The court then considered the scope of the clause. The phrase "howsoever, whensoever, or wheresoever occasioned" was extremely wide. Applying the contra proferentem rule, the court had to decide if this wording was clear enough to exclude liability for negligence. It was held that the wording was sufficient. It was in this context that Denning LJ made his notable observation: "The more unreasonable a clause is, the greater the notice which must be given of it… Some clauses which I have seen would need to be printed in red ink on the face of the document with a red hand pointing to it before the notice could be held to be sufficient" (Spurling Ltd v Bradshaw [1956] 1 WLR 461, 466). In this instance, however, the clause was deemed a standard one in the warehousing trade and not so onerous as to require such special notice, particularly given the established commercial relationship.
5. Judgment
The Court of Appeal held in favour of the claimants, Spurling Ltd.
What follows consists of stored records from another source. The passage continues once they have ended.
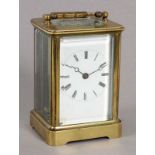 REISEUHR um 1900 Allseitig verglastes Messinggehäuse. Schlüsselaufzug mit sichtbarer Unruhe. H.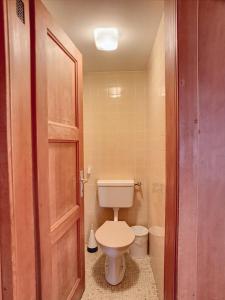 a small bathroom with a toilet and a door at Apartment Jacky 7 in Verbier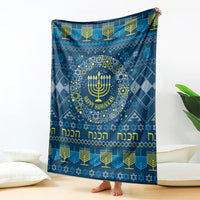 Blue Hanukkah blanket with menorah, Star of David pattern, and 'Happy Hanukkah' text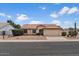 Charming single-story home featuring a tile roof, desert landscaping, and an attached two-car garage at 1651 E Kielly Ln, Casa Grande, AZ 85122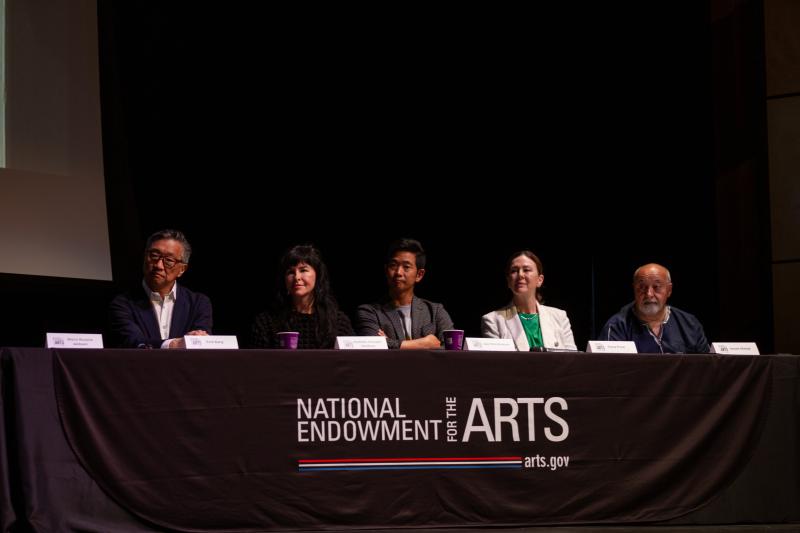 A group of 5 people sit behind a table with the National Endowment for the Arts logo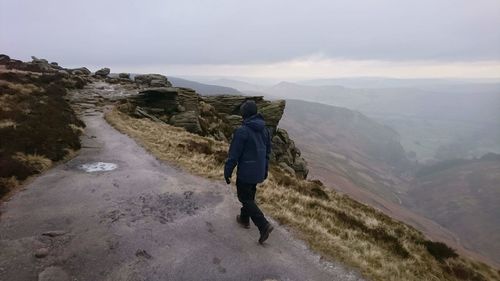 Rear view of man on mountain against sky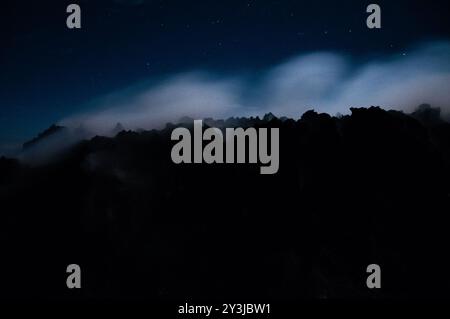 Vue nocturne de fumée sulfureuse du volcan Merapi sortant des rochers en silhouette noire Banque D'Images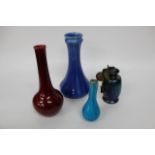 A ROYAL LANCASTRIAN BLUE GLAZED CASE, 28cm high, a further red glazed bottle vase, and Austrian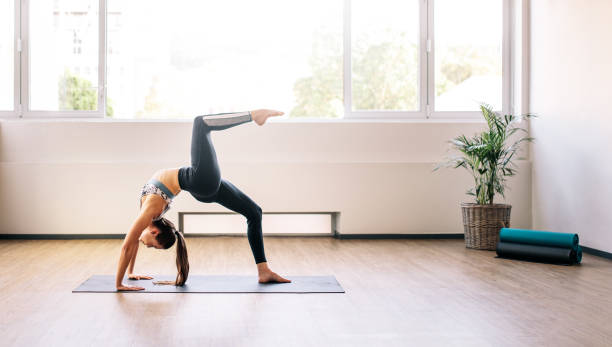 istock Woman practicing yoga for good health 856990288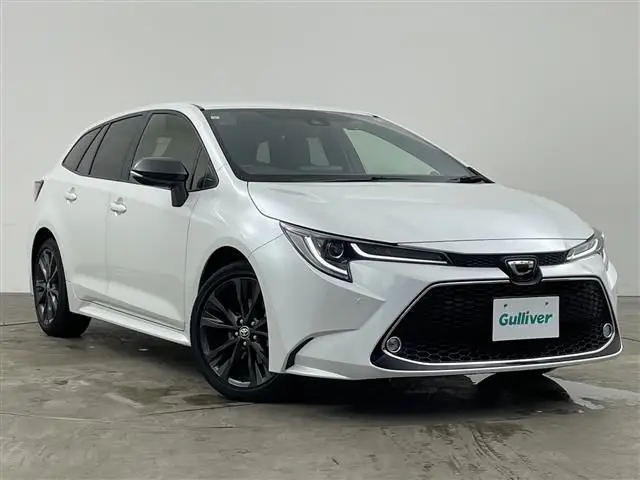 2021 Toyota Corolla Touring Double Bye - photo 1 2021 Toyota Corolla Touring Double Bye White Van for sale, Japanese used car export - photo 1 of 24 | GULJI TRADERS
It ruled that the exemption clause was successfully incorporated into the contract through the consistent course of prior dealings between the parties. Furthermore, the court found that the wording of the clause was wide enough to cover the negligent acts of the claimant's employees. Consequently, Spurling was protected from liability for the damage to the orange juice. Bradshaw’s counterclaim failed, and he was ordered to pay the outstanding storage charges.
6. Conclusion
Spurling v Bradshaw remains a significant authority in English contract law. It powerfully illustrates how a consistent course of dealing can remedy a failure to provide timely notice of contractual terms. The judgment demonstrates a pragmatic, business-focused approach, recognising that commercial parties who repeatedly transact on a a given basis can be assumed to have accepted the underlying terms (McKendrick, 2022). The case is most famous for Lord Denning's 'red hand rule', a vivid articulation of the principle that fair dealing requires that particularly onerous or unusual terms must be clearly and fairly brought to the other party's attention. While the clause in Spurling was not deemed to require such special notice, the principle itself has become a fundamental tool in assessing the incorporation of harsh terms in contracts.
References
Chen-Wishart, M. (2021) Contract Law. 7th edn. Oxford University Press.
J Spurling Ltd v Bradshaw [1956] 1 WLR 461.
McKendrick, E. (2022) Contract Law: Text, Cases, and Materials. 10th edn. Oxford University Press.